Criminal Women: Hannah Chapman and Mary Ann Kemp

By Jo Faulkner, Record Assistant

Please note that this post contains themes of attempted suicide which some people may find upsetting.

In a society where male voices dominated, many women of the poorest classes, living on the edges of mainstream society, lived their lives unnoticed.  The ‘mug shots’ from the police charge book (QS) and documents from the Quarter Sessions bundles offer a fascinating glimpse into the lives of those whose stories may otherwise have gone untold. These records cut across this section of society, exposing the reality of life for many Victorian women. In doing so, these records uncover some of the faces, which may otherwise have remained hidden, and touch upon some of the most taboo subjects.

Hannah Chapman

In her charge book photograph, Hannah Chapman wears clothing high around her neck, hiding an injury, which she inflicted upon herself as she attempted to take her own life. Today, with our increased understanding of mental health, it may seem absurd to punish someone for attempting suicide; however, it remained a criminal offence in England until as recently as 1961.

QP Photograph of Hannah Chapman from the Police Charge Book

The deposition of Hannah’s son Christopher, reveals the circumstances under which he found his mother at home in South Stockton. Christopher, who was around 10 years of age, took a razor from his mother before sending for a neighbour, who sent for a doctor, who in turn sent for a police officer.

Deposition of Witnesses

The Examination of Christopher Chapman of the Township of Thornaby in the said riding Juvenile taken on Oath, 21st June 1875 at South Stockton, before the undersigned three of Her Majesty’s Justices of the Peace in the presence and hearing of Hannah Chapman who is charged on the 5th June 1875 at Thornaby unlawfully did cut and wound herself with a certain razor with intent thereby their feloniously wilfully and of her malice after thought to kill and murder herself.

QSB 3/7/28 Deposition of Christopher Chapman

It is interesting to note the differences between the account of events stated by witnesses in their depositions and the reporting of events in the press. Asked informally, why she had done it by acting Sergeant Bewick, he stated that she ‘muttered something about dying’. In her formal answer to the charge she stated ‘I have nothing to say’. One press report later stated that ‘In answer to the charge the prisoner pleaded that she wanted to die’.

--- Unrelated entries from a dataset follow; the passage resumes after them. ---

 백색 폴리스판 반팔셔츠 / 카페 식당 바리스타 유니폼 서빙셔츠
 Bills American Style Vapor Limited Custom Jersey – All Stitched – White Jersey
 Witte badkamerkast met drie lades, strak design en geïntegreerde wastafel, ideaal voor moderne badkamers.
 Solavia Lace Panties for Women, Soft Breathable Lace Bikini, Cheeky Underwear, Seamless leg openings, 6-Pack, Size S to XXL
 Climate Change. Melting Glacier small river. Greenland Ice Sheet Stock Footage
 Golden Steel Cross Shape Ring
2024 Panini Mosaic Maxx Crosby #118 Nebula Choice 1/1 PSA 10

QSB 1875 3/8/27 Statement of Hannah Chapman

Typically, articles that reported the story of Hannah’s crime were not lengthy, though they all include the fact that she was a single woman and mother. Female suicide was widely regarded as an emotional act generally brought on by a romantic disappointment. One press article suggested that Hannah’s attempt was the result of an argument with a man believed to be the father of her baby. This way of reporting the image of the fallen woman committing suicide seems to be have been a warning to women of the consequences of dishonourable behaviour.

Historically suicide was regarded as the most immoral of crimes and attitudes to ‘self-murder’ were akin to murder. As the 19th century progressed attitudes became slightly more sympathetic and suicide was considered a form of insanity. Hannah was acquitted on the grounds of insanity and though the doctor believed she should be sent to an asylum, she was discharged to the care of her sister, who promised to take care of her.

Mary Ann Kemp

It is unusual to find Victorian photographs of women, showing any form of disfigurement. Women with facial disfigurement often covered their faces. Having committed an offence, Mary Ann Kemp had no choice but to be photographed for police records in 1869.

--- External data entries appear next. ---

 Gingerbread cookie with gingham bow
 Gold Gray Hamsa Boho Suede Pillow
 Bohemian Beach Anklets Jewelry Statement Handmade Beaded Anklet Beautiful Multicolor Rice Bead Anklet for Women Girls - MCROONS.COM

QP Photograph of Mary Ann Kemp from the Police Charge Book

There are no records to determine whether Mary Ann’s unusual face was a result of what we might today know as one of several recognized genetic disorders, or whether some external factor such as an accident had caused changes. None of the records relating to the trial of Mary Ann refers to her appearance or to any medical condition. It is notable that whereas other photographs in this series of mug shots include a physical description beneath the image, the photograph of Mary Ann is the only one where headings are noted, but the details were not completed. It is not clear why this should be so. Newspaper reports on her crime are brief and do not refer to her appearance. Attitudes towards disfigurement in Victorian society were ambivalent, varying from fear, to pity to discomfort.

Mary Ann’s crime was a common one, the theft of clothing and bed linen from a washing line at Hawsker. In her statement, Mary Ann claims to have urged her accomplice George Green, who had previous convictions, only to take a sheet to sleep in. The pair were sleeping rough in an outbuilding. The sentence handed down was imprisonment for 6 months.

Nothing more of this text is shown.